The Sony A7riii’s 15-stop dynamic range was able to extract every last detail from the dark areas except for some of the dead tree limbs which were almost pure black. This was accomplished without blown highlights, and the results are striking. However, the final image goes a bit beyond real to almost hyper-real because I know that most people walking through this scene would never see what this photograph reveals unless they stayed there for a considerable time. I wish to emphasize that despite the Pixel Shift routine which generates more color and intensity data, “Shadow and Light” is a single image with one set of exposure settings.
The A7riii’s dynamic range can handle almost any natural lighting situation. In most cases, the results will appear very faithful and real. But, it seems as if this camera, without resorting to exposure bracketing, can produce out of the ordinary effects, not unlike some HDR images. Photographers can either embrace this capability to create new realities or stop short of that.
So, what can be gleaned from this informal survey?
In broad terms:
- Color film never attained the color accuracy produced by better digital sensors, though monochrome images like Ansel Adams’s could look quite real if the viewer is willing to disregard lack of color.
- Second, before 2016, even with digital images produced by a skilled photographer, only a small portion might be expected to exhibit very high level of realness. Those that did were more likely to result from:
a. use of cameras with large sensors to reproduce an abundance of fine detail
b. photographing simple scenes with limited color variation
c. photographing scenes with limited tonal range that matched sensor capability
d. use of cameras with stacked sensors like the Sigma Foveon camera
- With the new sensors employed in the Sony A9 and A7riii, in the Nikon D850, the Pentax 645Z and in the Hasselblad X1D-50c, high color accuracy, fine detail and clarity are sufficiently assured to regularly produce super-real high-fidelity images, even in harsh lighting, provided careful capture technique is followed.

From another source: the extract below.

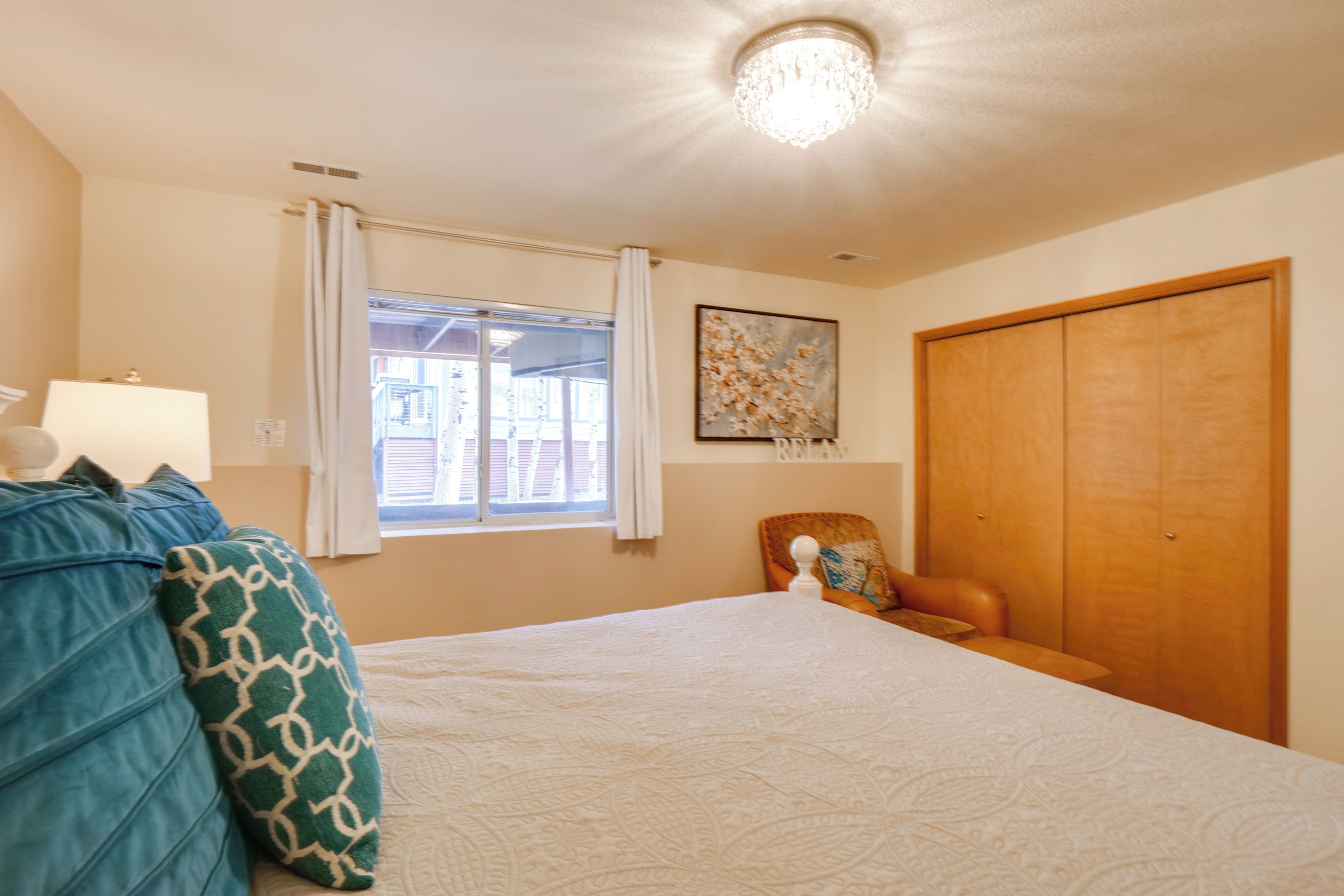 Un dormitorio con cama, una silla, un armario, una ventana con cortinas y una lámpara en el techo.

- In all cases, using superb lenses designed to match or exceed sensor capability is an absolute requirement. A quick review of the lenses used to produce the above images should reinforce this point.
- From my perspective, the Sony A7riii deserves all of the praise that it has been receiving. It is so good that it can also produce images which though striking, move beyond what is usually considered realism to an alternative hyper-realism.
Much of the above commentary would be moot if not for outstanding RAW development software. Lightroom is a certainly the best-known example. But, I find Luminar 2018 to be an outstanding newcomer. Sixteen of the above 21 images were developed from RAW files using Luminar within the Lightroom environment, with occasional subtle tweaks added later in Lightroom.